* **RECORDS TO PROCESS**
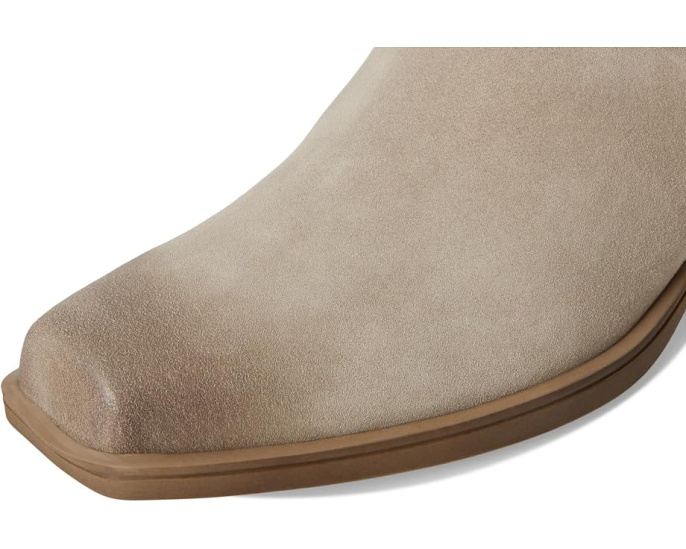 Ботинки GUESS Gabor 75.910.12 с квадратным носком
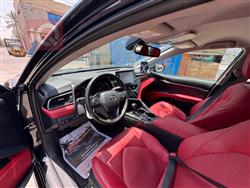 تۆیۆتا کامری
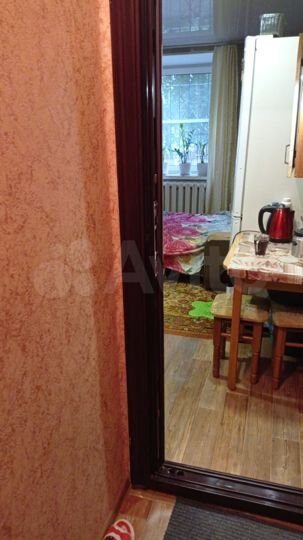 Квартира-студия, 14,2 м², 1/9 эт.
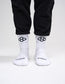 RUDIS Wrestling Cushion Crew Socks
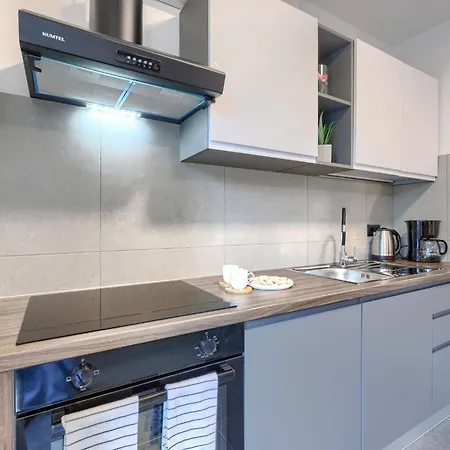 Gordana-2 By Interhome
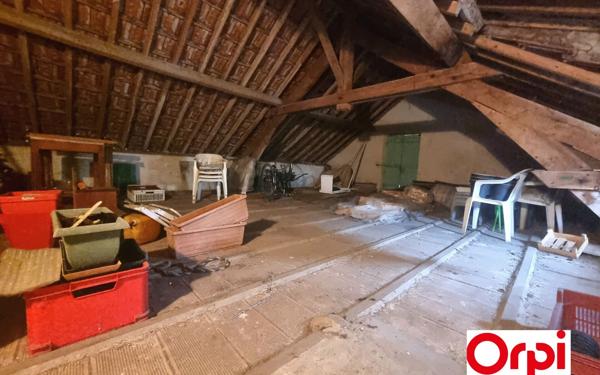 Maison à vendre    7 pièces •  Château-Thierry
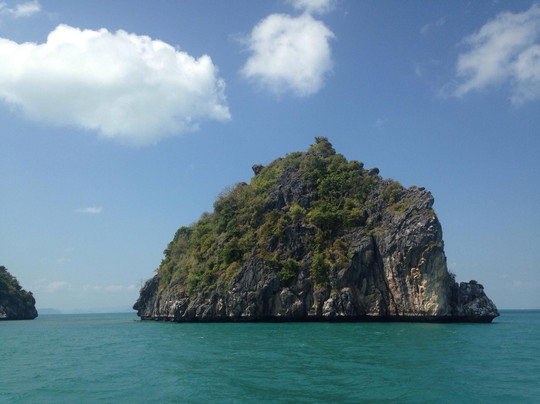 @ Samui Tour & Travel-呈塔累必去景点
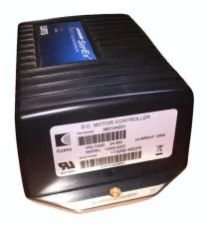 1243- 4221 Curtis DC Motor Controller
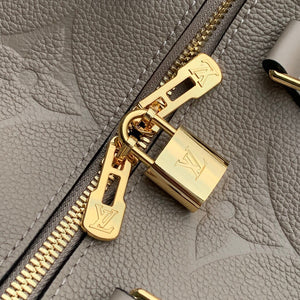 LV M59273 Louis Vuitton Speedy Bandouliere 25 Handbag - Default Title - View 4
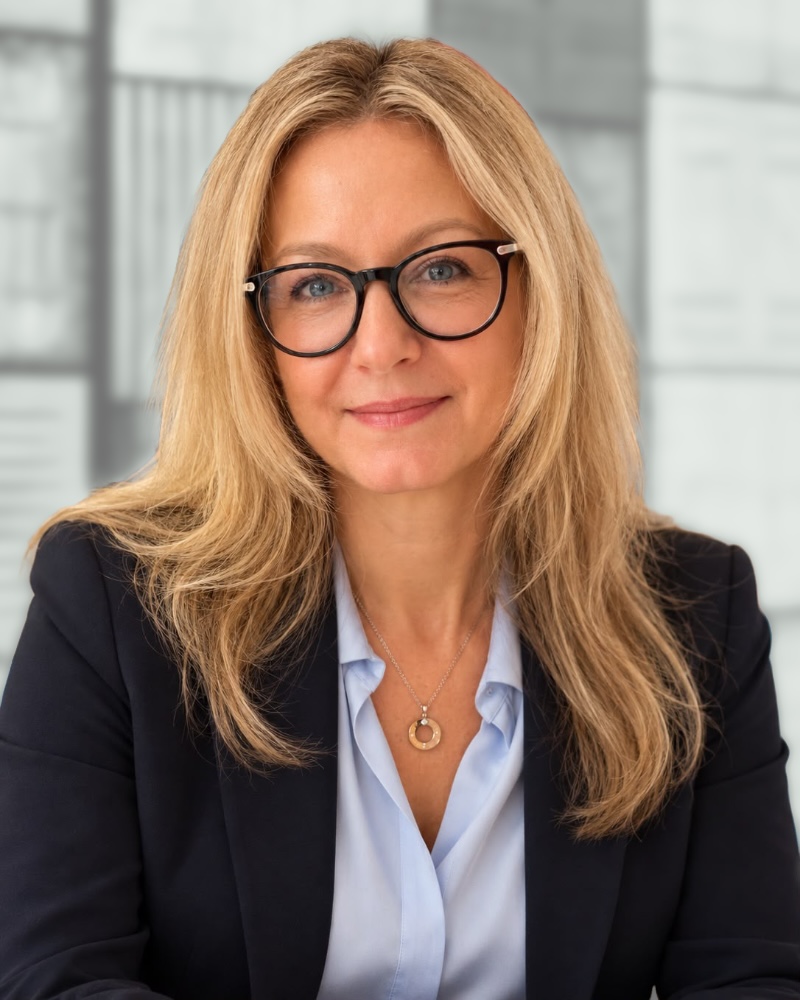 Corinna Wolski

...

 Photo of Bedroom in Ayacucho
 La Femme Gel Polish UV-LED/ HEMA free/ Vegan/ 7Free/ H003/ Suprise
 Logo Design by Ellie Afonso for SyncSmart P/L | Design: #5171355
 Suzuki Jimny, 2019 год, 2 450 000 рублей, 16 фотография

* **TASK DETAILS**
Would you copy, word for word, only the lines above from the one containing "Ботинки GUESS Gabor" through the one containing "Corinna Wolski", both included, and please leave out the pictures?

* **RESPONSE TO THIS EXERCISE**
 Ботинки GUESS Gabor 75.910.12 с квадратным носком
 تۆیۆتا کامری
 Квартира-студия, 14,2 м², 1/9 эт.
 RUDIS Wrestling Cushion Crew Socks
 Gordana-2 By Interhome
 Maison à vendre    7 pièces •  Château-Thierry
 @ Samui Tour & Travel-呈塔累必去景点
 1243- 4221 Curtis DC Motor Controller
 LV M59273 Louis Vuitton Speedy Bandouliere 25 Handbag - Default Title - View 4
 Corinna Wolski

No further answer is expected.